つまり、日本の企業・組織文化においては、神がかり的なカリスマでもなければ、「彼らの理解と合意形成無しに、組織が動くわけがない」。これが、日本企業の「リアル」です。
一方で、元来、人間の群れ(組織)と言うものは、ダンバー数に代表されるように、その規模が大きくなればなるほど、意思疎通が困難になります。マーケティングを組織全体に波及させる……そのミッションをスピード感を持って実現させるための絶対条件とは、つまり「組織全体が納得していること」です。
だからこそ、私は自らのコンサルティングの中で皆様に「新しい知識を詰め込みで覚えて頂く」……ということを実施していません。それは多くの人にとって(そして事業規模が大きくなればなるほど)、「意図の見えない負荷(義務)にしかならない」のが関の山だからです。マーケティングとは、突き詰めれば「視点を顧客目線に変えること」に尽きます。つまり、いまの仕事の「見方」を少し変えるだけで良い。
実は、多くの場合、企業のマーケティング推進に真に必要なのは「知識」ではなく、「気づき」です。
なぜ、弊社が、法人化からわずか4年の個人事業なのにも関わらず、16ものマーケティングの成功事例を公開できたのか(普通なら、1年以内に1社を成功させることすら大変でしょう)。なぜ、大企業と呼ばれるような大きな組織、有名企業(上場企業)の公認された成功事例が、そのうち6社もあるのか。

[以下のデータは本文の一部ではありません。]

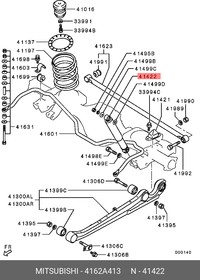 Амортизатор Mitsubishi Pajero 06-15 / Pajero Sport 08-21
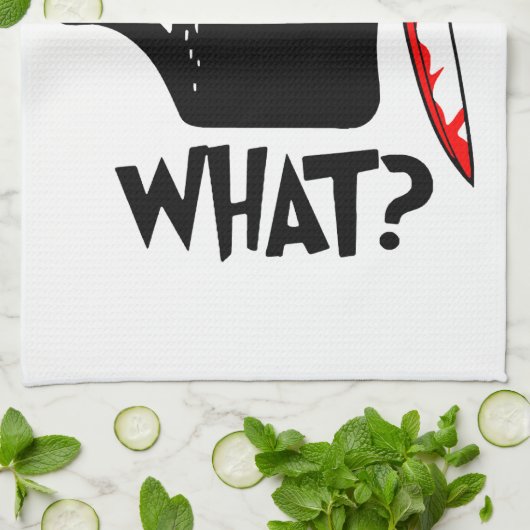 Mörderische Katze mit Messer Geschirrtuch (Gefaltet)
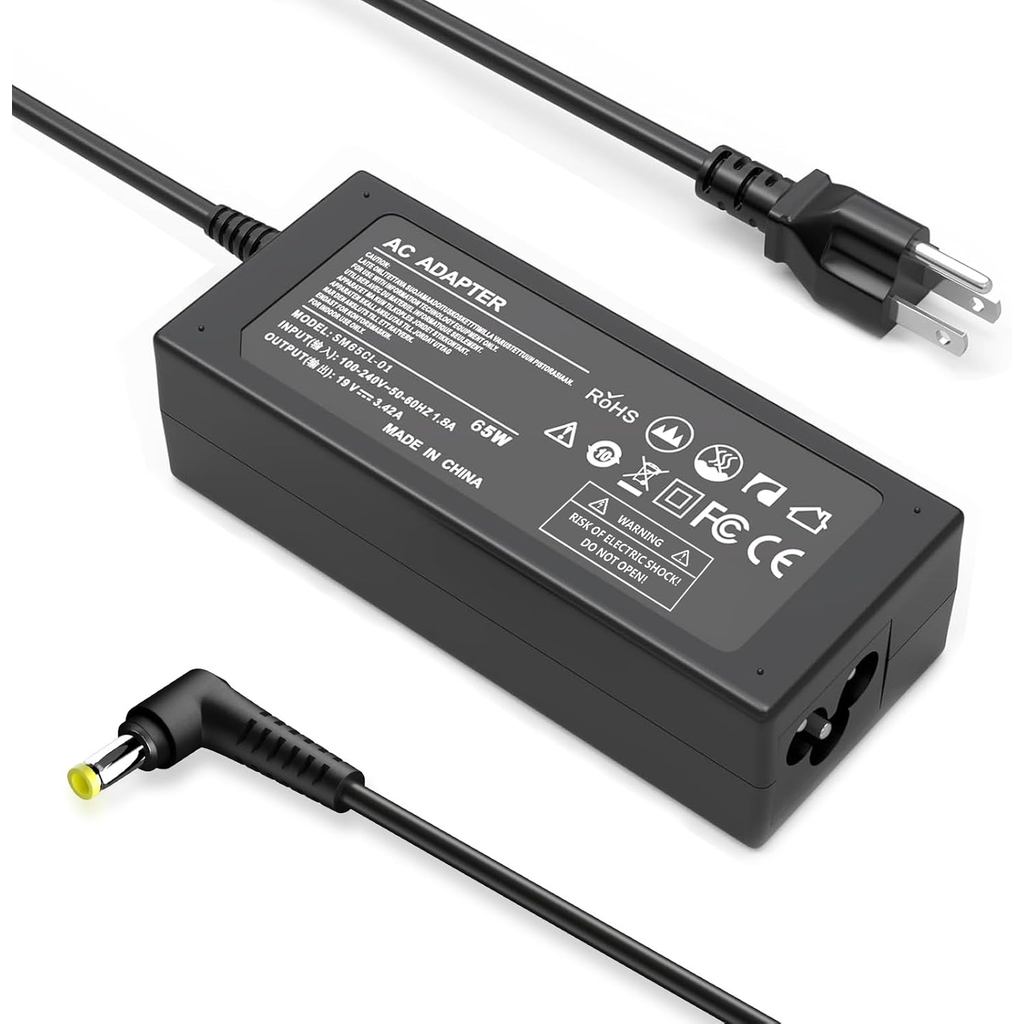 สายไฟ 19V สําหรับ Acer Monitor, 3.42A 65W สําหรับ Acer SB220Q R240HY S231HL S232H H236HL SA230 S230H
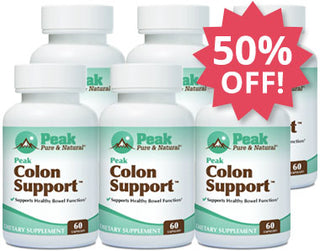 Add Six MORE Peak Colon Support™ at 50% Off
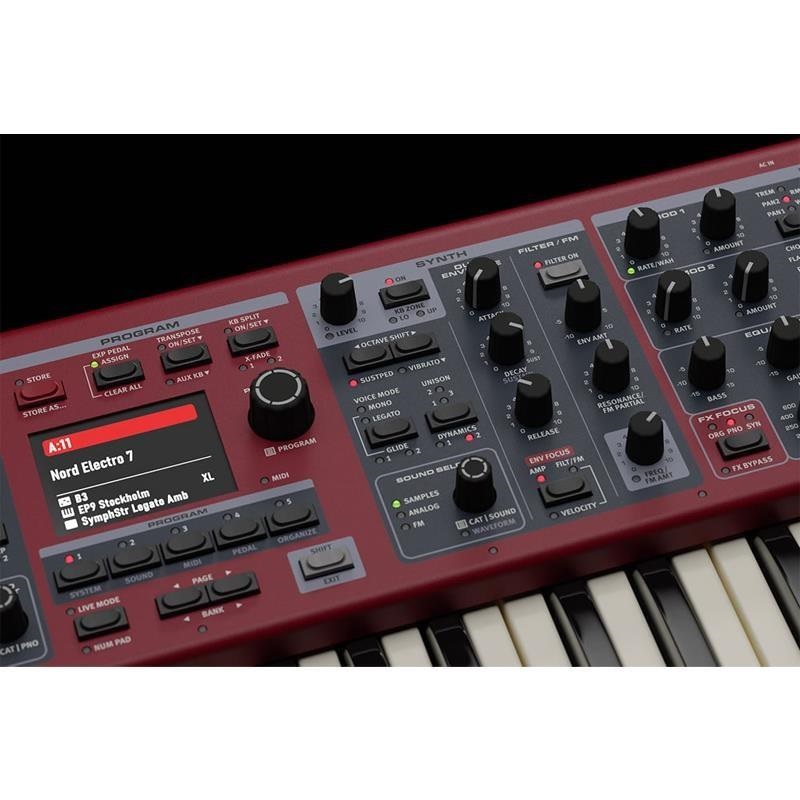 Nord（CLAVIA） Nord Electro 7 61＆専用ソフトケースセット (61鍵盤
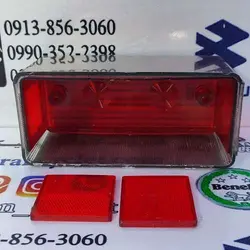 شیشه خطر عقب موتور سیکلت کاواساکی GTO قاب استیل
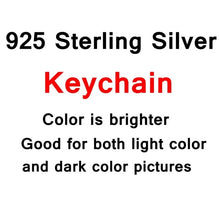 Load image into Gallery viewer, Custom Pet Photo Pendant Necklace Engraved Name 925 Sterling Silver Dog Tag Necklace for Women Men Memorial Best Christmas Gift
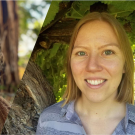 A digital collage of two images of young women facing the viewer alone, smiling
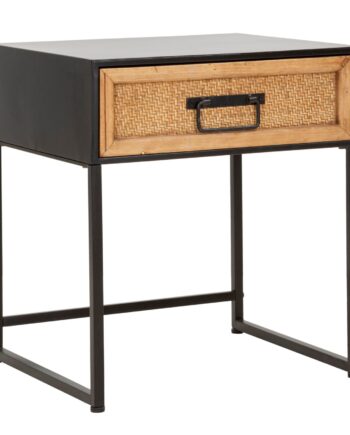 Boho Chic Sengebord  Jern Og Mdf   45x40x51 Cm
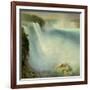 Niagara Falls, from the American Side, 1867-Frederic Edwin Church-Framed Giclee Print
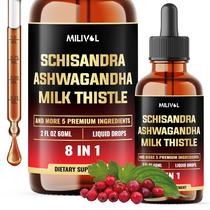 Suplemento MILIVOL 8 em 1 Gotas Líquidas de Schisandra Berry 60 ml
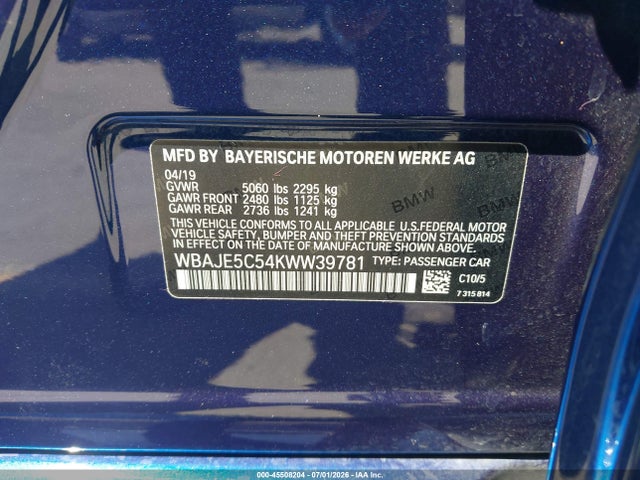 2019 BMW 540I — фото 9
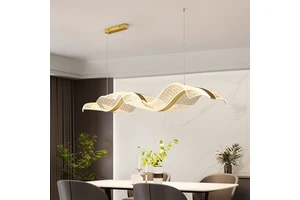 Wavy Modeling Hanging Lamp Decoration Tea Table up Down Horizontal Chandelier Lights Hover Wave Acrylic Pendant Light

その偉業とも言える圧倒的な実績とスピード感の正体は、「マーケティングとは特定の人材だけにもたらされる高度な知識・才能などではなく、万人が正しく理解・体得していく事が出来る、考え方の作法でしかない」と言う本質を突き詰め、それを事業の中で「まず、自らやって見せ、次にさせてみせ……」と徹底的に「しくみ」として体現しているからに他なりません。
「受注プロセス戦略®」の本質は、まさに、そこにあります。
学問としてのマーケティングではなく、事業としてのマーケティングを
マーケティングとは高度な学問で、学ぶことで世界が変わる。……と言うのは学者としては正解かもしれませんが、私は、事業としては間違っていると思っています。たとえば、優秀な経済学者=優秀な投資家ではありませんし、優秀な経営学者=有名企業の社長でもありません。そして、優秀な評論家=優秀な実業家ではありません。
「学問」としてではなく「実務」としてマーケティングをとらえれば、シンプルに「組織として成果の出せることだけを行う」=「誰にでも、今日からできる、貴社にピッタリな、しくみを構築する」ことこそが、成功への最短ルートとなるはずです。
知識ではなく、行動を。
活動ではなく、実績を。
成績ではなく、成功を。
そして、「やりました」ではなく、「誰でもかんたんに、出来るようになりました」と言う未来を。
「受注プロセス戦略®」を活用したビジネスやマーケティングの「しくみ化」を通じ、それを心から望むすべての個人・組織の皆様に波及させることこそが、弊社の使命だと確信しております。